____ Dataset content

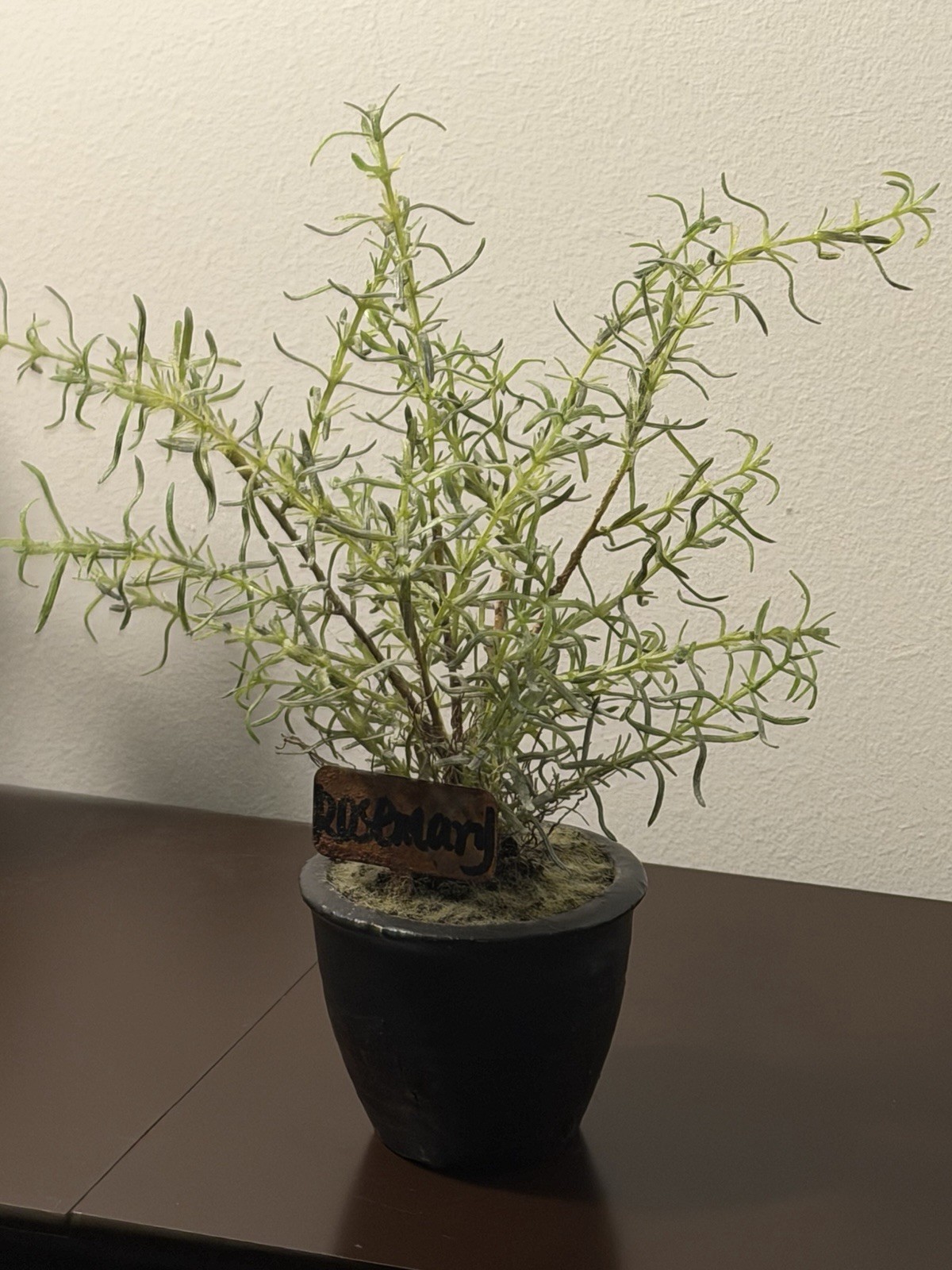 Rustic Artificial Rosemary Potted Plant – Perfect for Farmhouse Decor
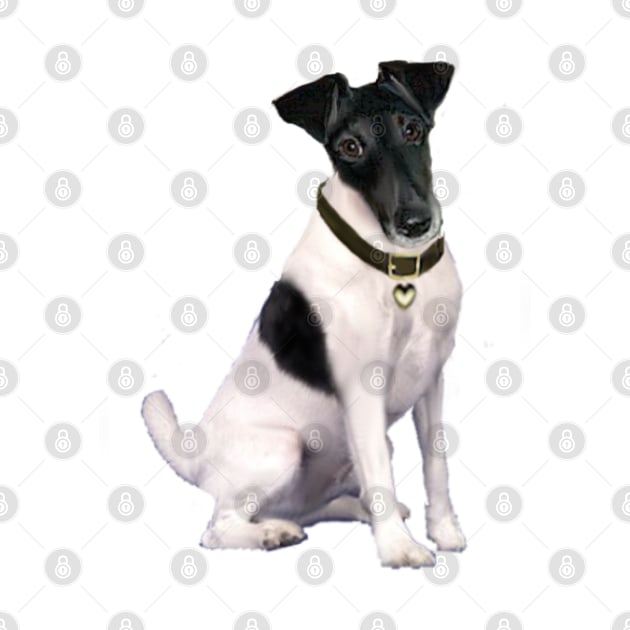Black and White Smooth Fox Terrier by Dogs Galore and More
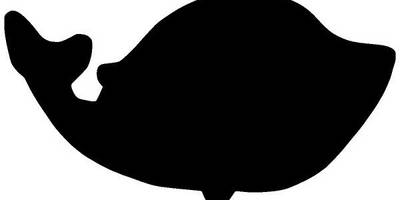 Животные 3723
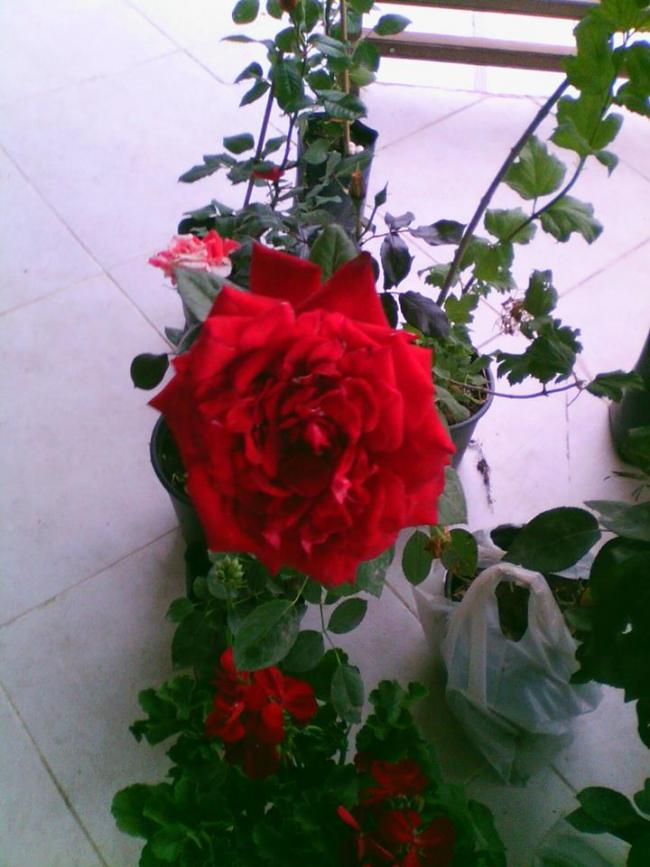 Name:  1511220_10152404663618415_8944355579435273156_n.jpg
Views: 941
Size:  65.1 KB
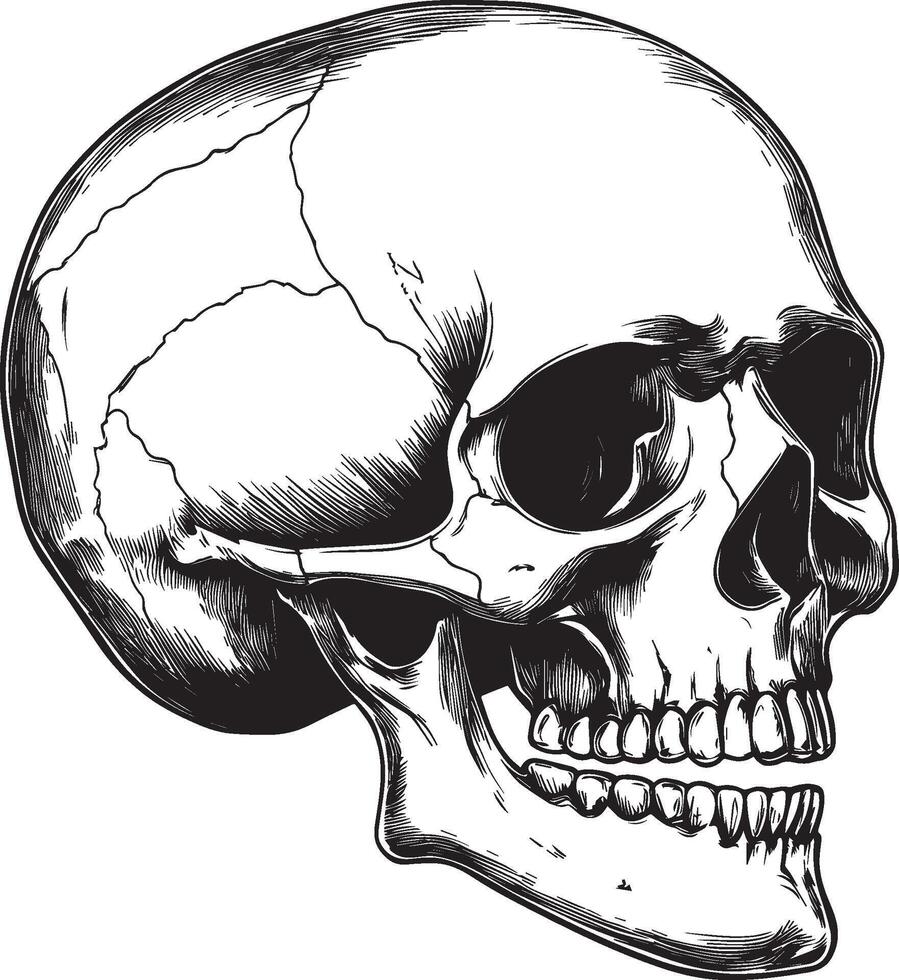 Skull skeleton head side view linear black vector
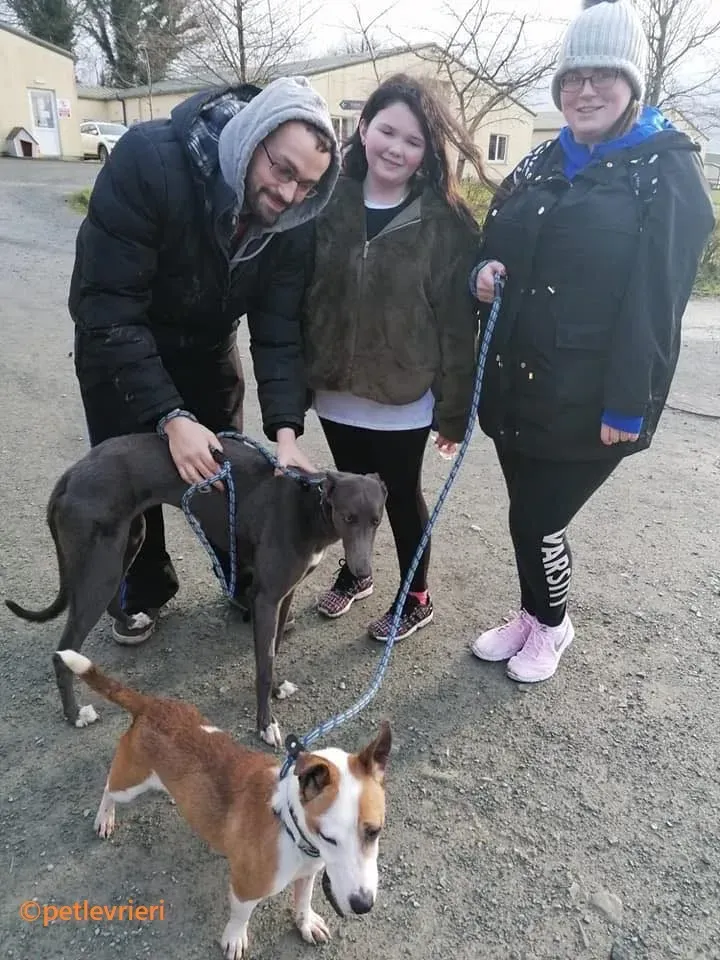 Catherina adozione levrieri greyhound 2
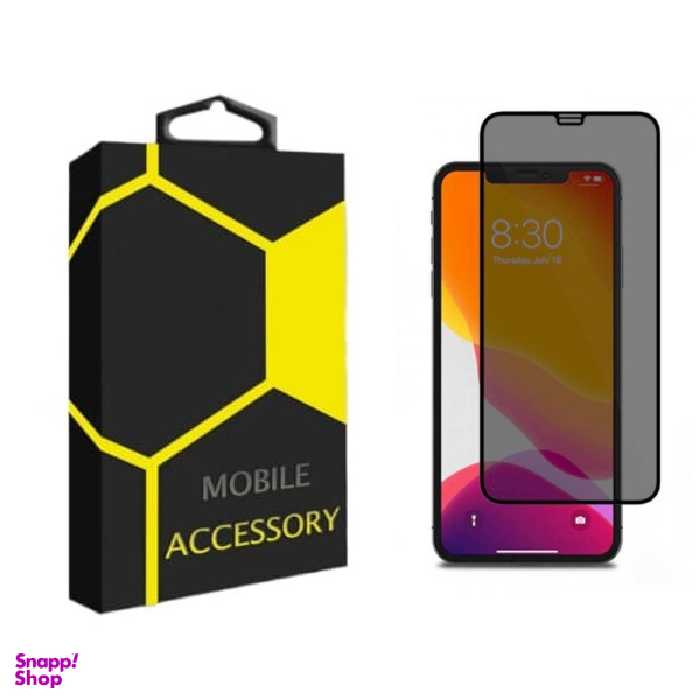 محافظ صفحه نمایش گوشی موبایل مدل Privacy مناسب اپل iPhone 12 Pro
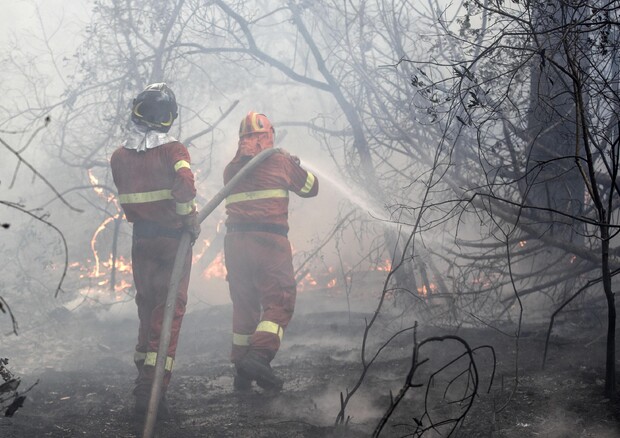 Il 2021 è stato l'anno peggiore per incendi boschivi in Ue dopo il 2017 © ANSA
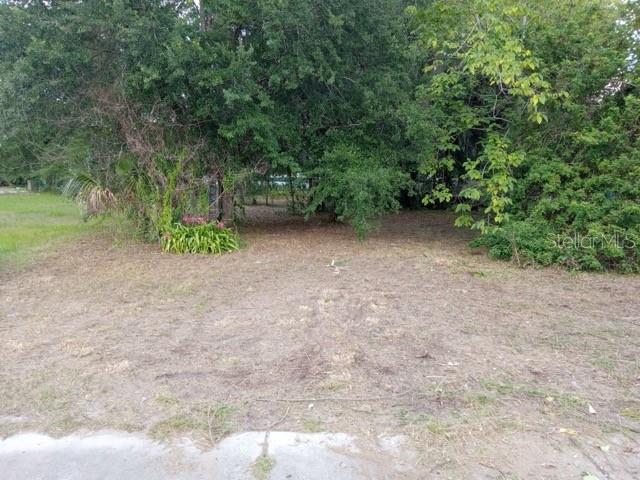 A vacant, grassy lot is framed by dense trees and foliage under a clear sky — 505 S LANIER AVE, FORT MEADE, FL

________

→ Problem description:
The pictures alone are to be left out when the data above is copied; all else must match exactly.

→ Answer to this task:
 Rustic Artificial Rosemary Potted Plant – Perfect for Farmhouse Decor
Black and White Smooth Fox Terrier by Dogs Galore and More
 Животные 3723
 Name:  1511220_10152404663618415_8944355579435273156_n.jpg
Views: 941
Size:  65.1 KB
 Skull skeleton head side view linear black vector
 Catherina adozione levrieri greyhound 2
 محافظ صفحه نمایش گوشی موبایل مدل Privacy مناسب اپل iPhone 12 Pro
 Il 2021 è stato l'anno peggiore per incendi boschivi in Ue dopo il 2017 © ANSA
 A vacant, grassy lot is framed by dense trees and foliage under a clear sky — 505 S LANIER AVE, FORT MEADE, FL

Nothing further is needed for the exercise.